Agent

Agent API

Interacting with the agent happens primarily through two functions: agent.act() and agent.update(). agent.act() takes in an observation and returns an action, while agent.update() takes in a dictionary consisting of the information relevant to the most recent transition and updates the agent.

Creating an Agent

Let’s create a new tabular Q-learning agent with discount factor gamma and learning rate alpha, for some environment with one hot observations. We want this agent to have an epsilon greedy policy, with the exploration rate decaying over explore_steps from 1.0 to some value final_epsilon. First, we define the constructor:

import numpy as np
import os

import hive
from hive.agents.agent import Agent
from hive.utils.schedule import LinearSchedule

class TabularQLearningAgent(Agent):
    def __init__(self, obs_dim, act_dim, gamma, alpha, explore_steps, final_epsilon, id=0):
        super().__init__(obs_dim, act_dim, id=id)
        self._q_values = np.zeros(obs_dim, act_dim)
        self._gamma = gamma
        self._alpha = alpha
        self._epsilon_schedule = LinearSchedule(1.0, final_epsilon, explore_steps)

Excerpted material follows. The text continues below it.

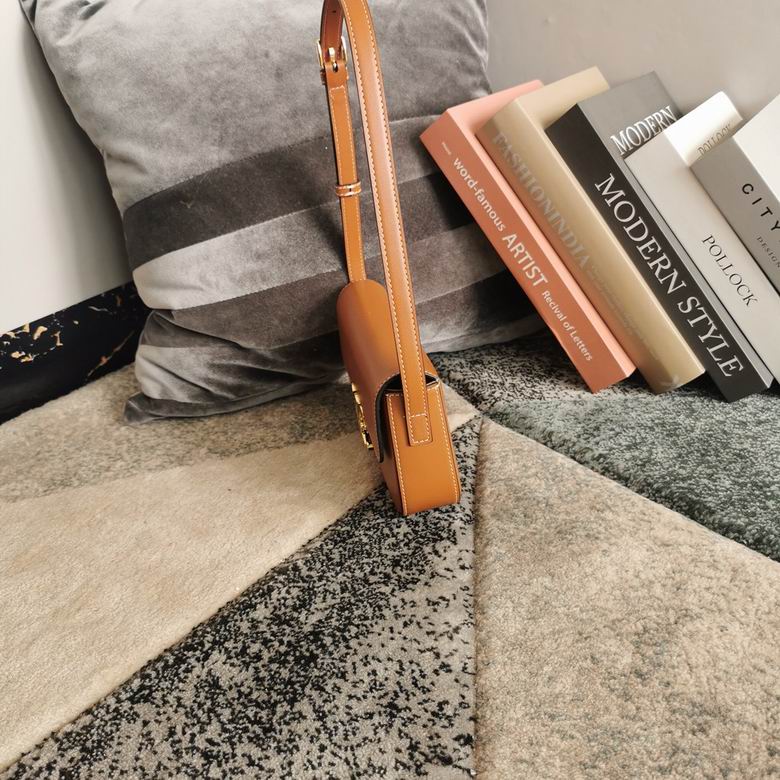 194143 20X10X4cm SF 7色 2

In this constructor, we created a numpy array to keep track of the Q-values for every state-action pair, and a linear decay schedule for the epsilon exploration rate. Next, let’s create the act function:

def act(self, observation):
    # Return a random action if exploring
    if np.random.rand() < self._epsilon_schedule.update():
        return np.random.randint(self._act_dim)
    else:
        state = np.argmax(observation) # Convert from one-hot

        # Break ties randomly between all actions with max values
        max_value = np.amax(self._q_values[state])
        best_actions = np.where(self._q_values[state] == max_value)[0]
        return np.random.choice(best_actions)

Now, we write our update function, which updates the state of our agent:

def update(self, update_info):
    state = np.argmax(update_info["observation"])
    next_state = np.argmax(update_info["next_observation"])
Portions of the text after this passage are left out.